SUPPLIED MATERIAL:
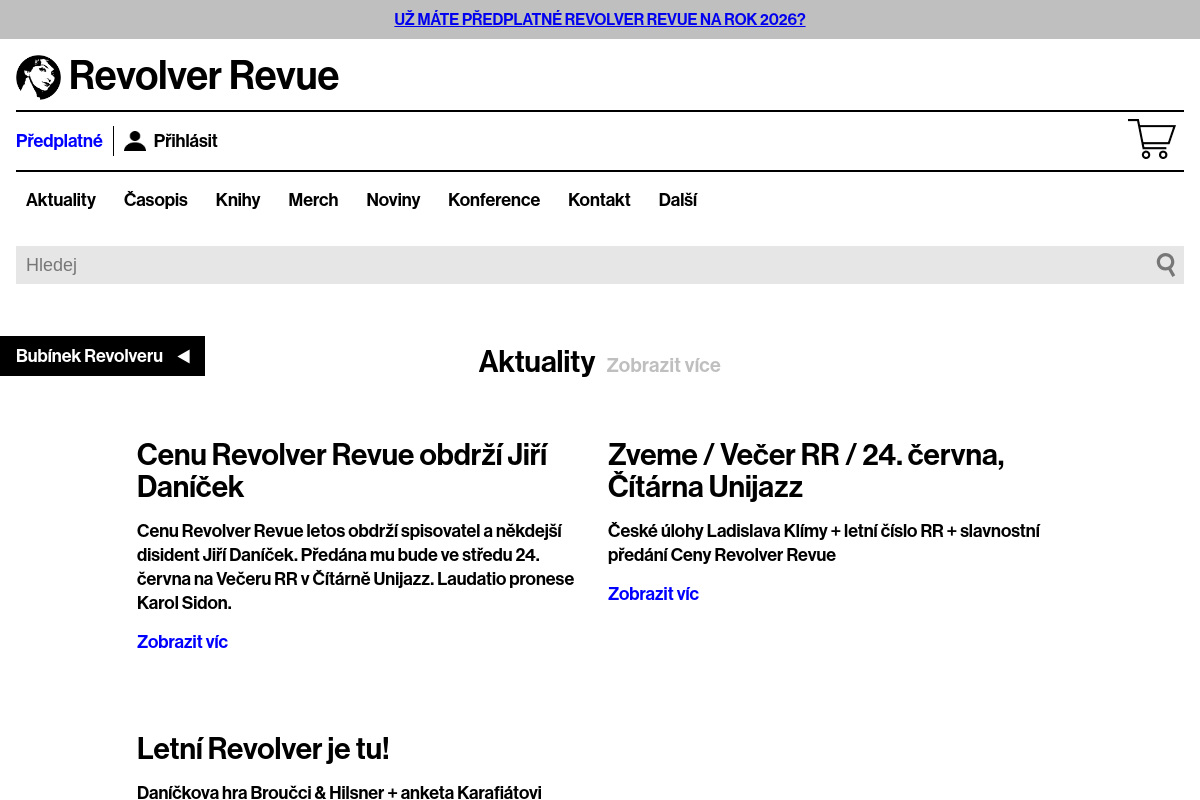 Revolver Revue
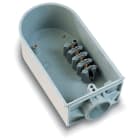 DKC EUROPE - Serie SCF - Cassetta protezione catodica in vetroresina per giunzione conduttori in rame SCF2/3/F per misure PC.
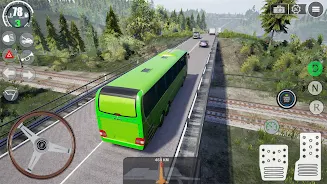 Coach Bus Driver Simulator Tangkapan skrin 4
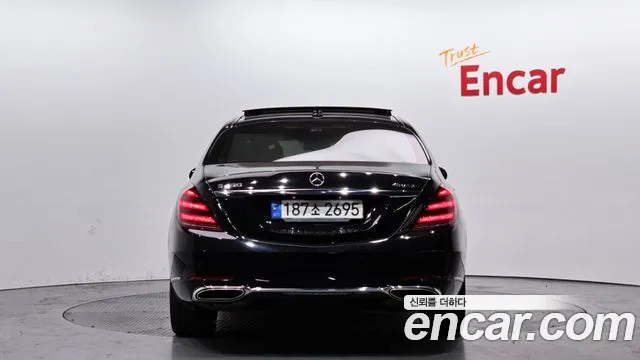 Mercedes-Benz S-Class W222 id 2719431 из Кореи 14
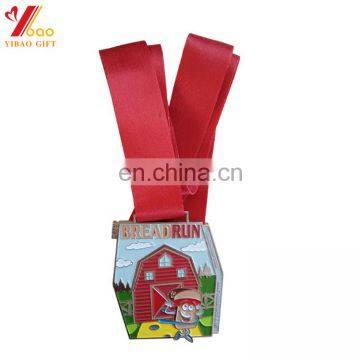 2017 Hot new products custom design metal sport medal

TASK PROMPT:
Exclude every picture, then return precisely the lines that run from the line containing "DKC EUROPE - Serie" through the end of the entries above.

SOLUTION FOR THIS PROBLEM:
 DKC EUROPE - Serie SCF - Cassetta protezione catodica in vetroresina per giunzione conduttori in rame SCF2/3/F per misure PC.
 Coach Bus Driver Simulator Tangkapan skrin 4
 Mercedes-Benz S-Class W222 id 2719431 из Кореи 14
 2017 Hot new products custom design metal sport medal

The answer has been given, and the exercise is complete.